MAPI Analysis on ISM Index: Manufacturing Has Braked to Nearly a Complete Stop
The following is an analysis from Daniel J. Meckstroth, Ph.D., Vice President and Chief Economist for the Manufacturers Alliance for Productivity and Innovation (MAPI), regarding the ISM Index for July 2012:
“The Institute for Supply Management reports that their Purchasing Managers Index (PMI) was 49.8 percent in July 2012, up slightly from a 49.7 percent reading in June,” Meckstroth said. “The components of the index that changed the most were a reduction in the employment index from 56.6 in June to 52.0 in July and an increase in the inventory index from 44.0 to 49.0. In the PMI calculations, index numbers above 50 percent signify growth.
“After an extremely strong start to 2012, the manufacturing sector has braked to nearly a complete stop this summer,” he added. “The reading from the ISM report is indicative of growth that was relatively flat in June and July. Manufacturers cannot escape the limits imposed by the general economy, i.e., wage and salary growth is meager, job growth is weak, and many consumers cannot get credit to spend more than they earn.
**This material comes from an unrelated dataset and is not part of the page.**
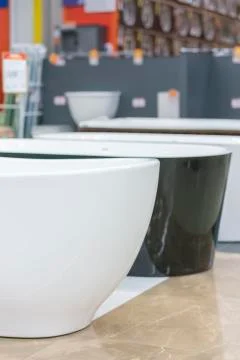 Bath in the building store. baths in the plumbing store. shop baths. Plumbing Fotos de archivo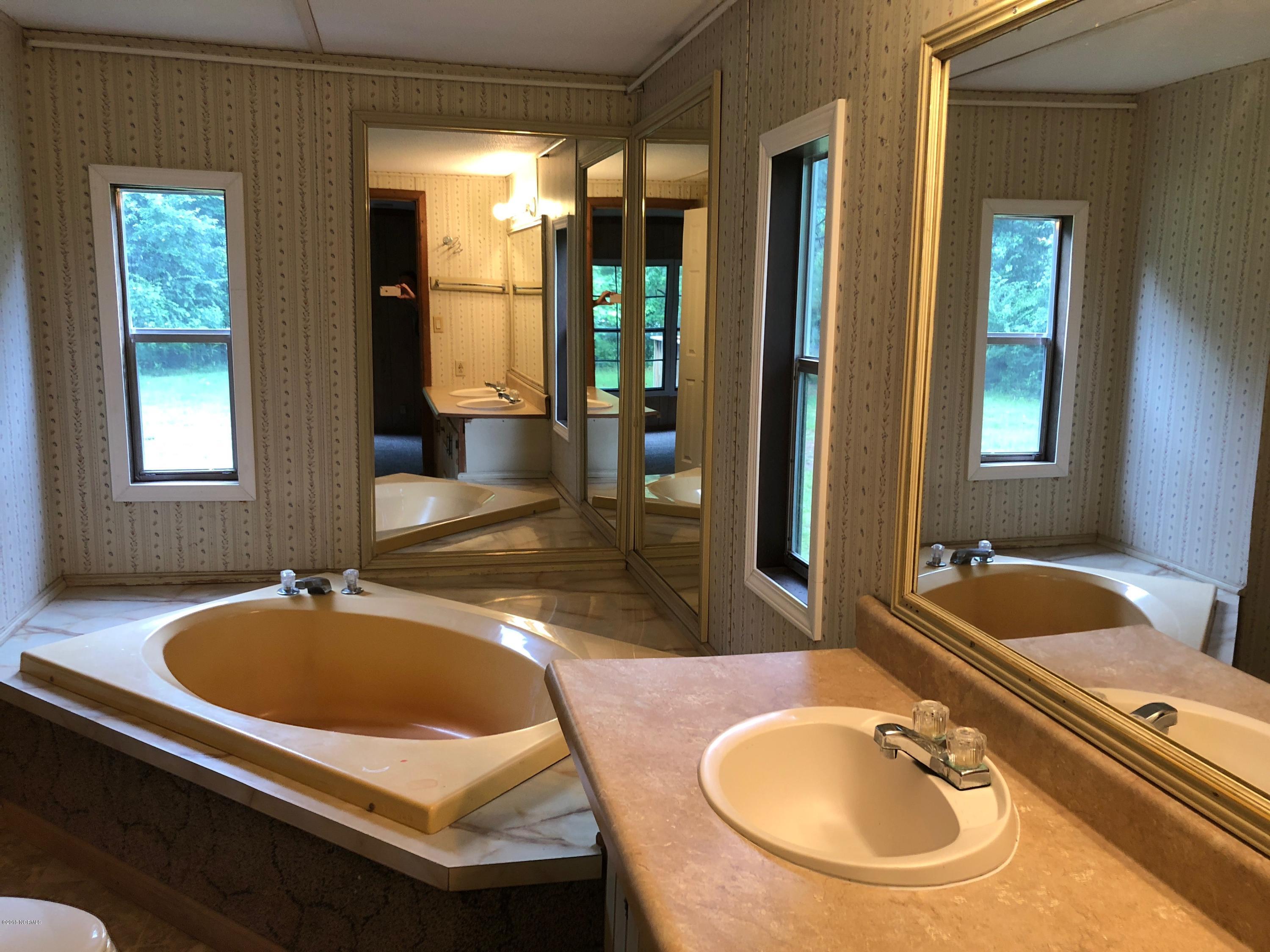 501 East Henry Street Atkinson, NC 28421 - Photo 23 of 34 master bath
There is the opportunity for breakaway spending growth for business investment and exports, but these growth areas have been constrained by the worsening Euro area recession, decelerating growth in emerging markets, and uncertainty about U.S. fiscal policy at year-end.
“MAPI does not believe the U.S. economy or the manufacturing sector will drop into recession; however, we forecast only a relatively modest growth rate for the rest of this year and into the first half of 2013,” he concluded.